(EXERCISE DIRECTIONS)
Locate each line in the records containing "Pack". Copy it.

╭─ AVAILABLE RECORDS

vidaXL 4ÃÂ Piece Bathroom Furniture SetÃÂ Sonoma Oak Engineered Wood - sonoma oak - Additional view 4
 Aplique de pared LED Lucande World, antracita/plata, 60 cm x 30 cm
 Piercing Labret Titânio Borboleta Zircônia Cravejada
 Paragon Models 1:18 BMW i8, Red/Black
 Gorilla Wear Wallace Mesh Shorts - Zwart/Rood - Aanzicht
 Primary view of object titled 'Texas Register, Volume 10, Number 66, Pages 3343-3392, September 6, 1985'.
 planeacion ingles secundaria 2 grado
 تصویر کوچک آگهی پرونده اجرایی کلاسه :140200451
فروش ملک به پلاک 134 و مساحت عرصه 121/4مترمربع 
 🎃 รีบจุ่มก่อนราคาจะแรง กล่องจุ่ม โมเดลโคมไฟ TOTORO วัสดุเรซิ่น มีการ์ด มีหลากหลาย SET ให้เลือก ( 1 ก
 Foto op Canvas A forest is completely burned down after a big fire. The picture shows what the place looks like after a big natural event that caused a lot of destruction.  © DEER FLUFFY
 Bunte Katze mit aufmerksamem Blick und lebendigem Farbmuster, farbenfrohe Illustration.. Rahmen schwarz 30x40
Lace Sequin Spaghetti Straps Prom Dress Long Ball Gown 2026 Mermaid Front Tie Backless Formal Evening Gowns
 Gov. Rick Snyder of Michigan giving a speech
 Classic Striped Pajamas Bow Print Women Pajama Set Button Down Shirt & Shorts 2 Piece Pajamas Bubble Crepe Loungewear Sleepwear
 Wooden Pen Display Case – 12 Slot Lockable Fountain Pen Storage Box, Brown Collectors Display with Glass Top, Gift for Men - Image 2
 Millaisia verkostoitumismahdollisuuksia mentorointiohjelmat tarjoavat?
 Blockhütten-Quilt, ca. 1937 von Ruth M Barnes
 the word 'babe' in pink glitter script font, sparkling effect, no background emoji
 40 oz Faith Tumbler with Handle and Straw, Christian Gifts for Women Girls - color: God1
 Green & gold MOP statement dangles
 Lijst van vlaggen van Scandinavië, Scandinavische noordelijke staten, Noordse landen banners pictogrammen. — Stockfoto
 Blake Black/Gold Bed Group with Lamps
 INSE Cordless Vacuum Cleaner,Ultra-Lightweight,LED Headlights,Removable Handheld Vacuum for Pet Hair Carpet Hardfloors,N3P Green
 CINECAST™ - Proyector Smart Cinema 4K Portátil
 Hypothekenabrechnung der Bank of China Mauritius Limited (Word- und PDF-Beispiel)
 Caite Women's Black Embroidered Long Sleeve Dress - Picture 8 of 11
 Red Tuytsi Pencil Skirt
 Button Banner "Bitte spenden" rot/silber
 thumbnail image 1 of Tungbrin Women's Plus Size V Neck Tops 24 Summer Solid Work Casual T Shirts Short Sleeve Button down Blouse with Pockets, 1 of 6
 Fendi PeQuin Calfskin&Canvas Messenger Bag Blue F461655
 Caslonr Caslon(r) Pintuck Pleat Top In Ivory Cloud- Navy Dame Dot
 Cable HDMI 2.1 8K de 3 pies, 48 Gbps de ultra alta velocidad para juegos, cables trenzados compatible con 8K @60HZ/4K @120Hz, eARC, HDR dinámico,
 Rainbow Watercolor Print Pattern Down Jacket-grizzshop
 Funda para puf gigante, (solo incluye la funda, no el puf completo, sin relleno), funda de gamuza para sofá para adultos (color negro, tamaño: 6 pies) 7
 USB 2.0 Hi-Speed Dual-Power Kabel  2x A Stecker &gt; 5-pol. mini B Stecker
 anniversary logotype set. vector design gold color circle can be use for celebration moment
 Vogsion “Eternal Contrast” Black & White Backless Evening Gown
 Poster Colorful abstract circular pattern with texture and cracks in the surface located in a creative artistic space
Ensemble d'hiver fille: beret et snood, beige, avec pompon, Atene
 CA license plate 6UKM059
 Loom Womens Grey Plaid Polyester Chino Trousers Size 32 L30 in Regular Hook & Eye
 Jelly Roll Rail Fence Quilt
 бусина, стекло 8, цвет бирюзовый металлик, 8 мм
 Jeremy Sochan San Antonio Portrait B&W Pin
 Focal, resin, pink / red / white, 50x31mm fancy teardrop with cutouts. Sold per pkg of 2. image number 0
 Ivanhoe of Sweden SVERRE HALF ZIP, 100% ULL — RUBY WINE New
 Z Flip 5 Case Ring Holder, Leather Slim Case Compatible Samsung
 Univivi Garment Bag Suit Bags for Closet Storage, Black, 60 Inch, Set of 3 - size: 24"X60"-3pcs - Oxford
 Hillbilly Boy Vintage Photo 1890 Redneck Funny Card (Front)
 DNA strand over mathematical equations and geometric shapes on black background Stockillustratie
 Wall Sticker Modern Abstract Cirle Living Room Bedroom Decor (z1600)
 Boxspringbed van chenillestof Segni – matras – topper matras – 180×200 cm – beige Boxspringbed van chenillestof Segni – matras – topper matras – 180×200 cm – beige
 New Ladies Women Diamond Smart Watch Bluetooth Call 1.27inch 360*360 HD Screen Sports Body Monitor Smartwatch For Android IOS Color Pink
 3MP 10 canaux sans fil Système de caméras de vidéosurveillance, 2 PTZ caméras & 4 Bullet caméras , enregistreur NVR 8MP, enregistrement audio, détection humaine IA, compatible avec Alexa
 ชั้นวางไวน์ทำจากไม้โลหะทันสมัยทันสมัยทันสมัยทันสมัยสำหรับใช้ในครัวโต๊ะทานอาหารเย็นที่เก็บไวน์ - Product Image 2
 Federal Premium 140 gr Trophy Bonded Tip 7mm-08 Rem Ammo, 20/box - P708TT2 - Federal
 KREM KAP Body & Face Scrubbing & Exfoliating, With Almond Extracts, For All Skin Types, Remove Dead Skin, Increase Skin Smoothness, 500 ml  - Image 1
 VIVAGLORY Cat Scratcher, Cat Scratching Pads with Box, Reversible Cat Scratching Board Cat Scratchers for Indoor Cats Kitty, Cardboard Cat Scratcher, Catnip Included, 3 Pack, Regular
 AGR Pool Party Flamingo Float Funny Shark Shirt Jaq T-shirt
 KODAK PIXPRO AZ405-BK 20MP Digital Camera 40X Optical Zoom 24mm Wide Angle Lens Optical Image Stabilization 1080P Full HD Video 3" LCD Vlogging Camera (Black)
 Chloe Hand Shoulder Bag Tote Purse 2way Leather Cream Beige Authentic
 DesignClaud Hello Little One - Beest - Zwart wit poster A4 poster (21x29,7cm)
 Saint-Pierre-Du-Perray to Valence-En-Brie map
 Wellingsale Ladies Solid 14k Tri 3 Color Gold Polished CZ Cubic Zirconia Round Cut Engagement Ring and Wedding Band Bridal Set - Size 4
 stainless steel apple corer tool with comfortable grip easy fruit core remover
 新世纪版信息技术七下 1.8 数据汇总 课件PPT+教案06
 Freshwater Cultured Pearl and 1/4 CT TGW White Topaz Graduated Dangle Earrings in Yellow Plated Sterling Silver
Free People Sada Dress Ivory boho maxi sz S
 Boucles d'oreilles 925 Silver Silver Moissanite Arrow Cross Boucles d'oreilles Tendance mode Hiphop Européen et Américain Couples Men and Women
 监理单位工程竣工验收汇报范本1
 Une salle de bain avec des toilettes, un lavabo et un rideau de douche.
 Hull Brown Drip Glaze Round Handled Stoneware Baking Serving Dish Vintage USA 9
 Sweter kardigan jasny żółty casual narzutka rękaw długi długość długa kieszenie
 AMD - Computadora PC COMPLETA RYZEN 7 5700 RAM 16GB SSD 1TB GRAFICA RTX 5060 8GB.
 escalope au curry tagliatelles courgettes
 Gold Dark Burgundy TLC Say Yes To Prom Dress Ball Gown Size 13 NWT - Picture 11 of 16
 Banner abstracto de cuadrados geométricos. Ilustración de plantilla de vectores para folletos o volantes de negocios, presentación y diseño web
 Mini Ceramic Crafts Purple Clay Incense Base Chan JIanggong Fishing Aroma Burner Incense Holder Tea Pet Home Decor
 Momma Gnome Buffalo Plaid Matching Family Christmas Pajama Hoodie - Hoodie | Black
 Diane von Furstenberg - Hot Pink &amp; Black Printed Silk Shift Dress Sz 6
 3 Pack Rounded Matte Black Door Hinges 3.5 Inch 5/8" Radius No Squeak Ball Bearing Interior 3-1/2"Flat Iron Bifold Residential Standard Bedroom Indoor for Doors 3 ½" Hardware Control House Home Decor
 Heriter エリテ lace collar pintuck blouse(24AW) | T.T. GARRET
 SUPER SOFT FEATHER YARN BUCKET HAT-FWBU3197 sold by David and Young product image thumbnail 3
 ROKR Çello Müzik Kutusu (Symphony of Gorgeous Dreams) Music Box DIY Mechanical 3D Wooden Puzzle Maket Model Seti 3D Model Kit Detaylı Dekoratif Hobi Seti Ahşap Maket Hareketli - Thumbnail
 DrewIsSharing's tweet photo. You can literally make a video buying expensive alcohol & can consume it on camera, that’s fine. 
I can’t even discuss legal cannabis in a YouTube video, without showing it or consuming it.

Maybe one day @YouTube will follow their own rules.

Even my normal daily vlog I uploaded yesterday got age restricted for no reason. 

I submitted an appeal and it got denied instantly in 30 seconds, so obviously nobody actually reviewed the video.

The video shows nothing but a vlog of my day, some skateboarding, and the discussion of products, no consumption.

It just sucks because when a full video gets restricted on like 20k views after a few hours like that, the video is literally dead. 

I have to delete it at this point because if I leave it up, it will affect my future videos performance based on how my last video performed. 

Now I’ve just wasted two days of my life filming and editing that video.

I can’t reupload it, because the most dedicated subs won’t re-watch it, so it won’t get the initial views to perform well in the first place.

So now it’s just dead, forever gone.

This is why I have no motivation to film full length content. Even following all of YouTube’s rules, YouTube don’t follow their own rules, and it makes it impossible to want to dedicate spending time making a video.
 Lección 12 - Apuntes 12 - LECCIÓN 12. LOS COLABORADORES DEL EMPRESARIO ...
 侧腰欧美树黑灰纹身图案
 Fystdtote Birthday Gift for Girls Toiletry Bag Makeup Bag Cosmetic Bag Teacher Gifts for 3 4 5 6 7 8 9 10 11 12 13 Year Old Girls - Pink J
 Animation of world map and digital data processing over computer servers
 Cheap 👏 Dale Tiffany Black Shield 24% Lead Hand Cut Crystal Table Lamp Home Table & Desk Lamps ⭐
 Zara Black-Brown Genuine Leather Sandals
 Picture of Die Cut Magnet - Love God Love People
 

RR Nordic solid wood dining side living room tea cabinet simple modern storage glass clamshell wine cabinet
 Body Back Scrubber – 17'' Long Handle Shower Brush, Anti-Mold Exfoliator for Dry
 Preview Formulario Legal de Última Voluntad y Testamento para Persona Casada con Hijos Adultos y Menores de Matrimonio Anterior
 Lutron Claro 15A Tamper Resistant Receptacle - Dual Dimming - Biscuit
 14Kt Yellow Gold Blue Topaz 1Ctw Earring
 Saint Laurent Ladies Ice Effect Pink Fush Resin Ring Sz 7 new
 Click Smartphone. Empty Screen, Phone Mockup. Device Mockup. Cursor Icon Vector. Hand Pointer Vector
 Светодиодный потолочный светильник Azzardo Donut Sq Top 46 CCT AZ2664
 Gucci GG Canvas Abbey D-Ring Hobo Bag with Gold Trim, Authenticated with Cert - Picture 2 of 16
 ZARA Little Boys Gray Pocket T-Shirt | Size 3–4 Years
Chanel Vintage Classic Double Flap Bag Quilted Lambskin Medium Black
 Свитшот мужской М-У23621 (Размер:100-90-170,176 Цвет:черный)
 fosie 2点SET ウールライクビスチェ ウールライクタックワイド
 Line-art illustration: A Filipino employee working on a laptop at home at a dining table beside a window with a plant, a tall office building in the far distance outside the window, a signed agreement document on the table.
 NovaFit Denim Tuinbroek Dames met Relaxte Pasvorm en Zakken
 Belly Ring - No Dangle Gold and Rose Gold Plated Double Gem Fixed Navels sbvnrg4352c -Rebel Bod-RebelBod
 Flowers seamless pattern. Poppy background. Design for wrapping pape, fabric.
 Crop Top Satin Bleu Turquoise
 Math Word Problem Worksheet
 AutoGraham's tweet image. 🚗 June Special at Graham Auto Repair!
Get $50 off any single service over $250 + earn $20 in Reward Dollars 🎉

╰─

(EXERCISE RESPONSE)
 VIVAGLORY Cat Scratcher, Cat Scratching Pads with Box, Reversible Cat Scratching Board Cat Scratchers for Indoor Cats Kitty, Cardboard Cat Scratcher, Catnip Included, 3 Pack, Regular
 3 Pack Rounded Matte Black Door Hinges 3.5 Inch 5/8" Radius No Squeak Ball Bearing Interior 3-1/2"Flat Iron Bifold Residential Standard Bedroom Indoor for Doors 3 ½" Hardware Control House Home Decor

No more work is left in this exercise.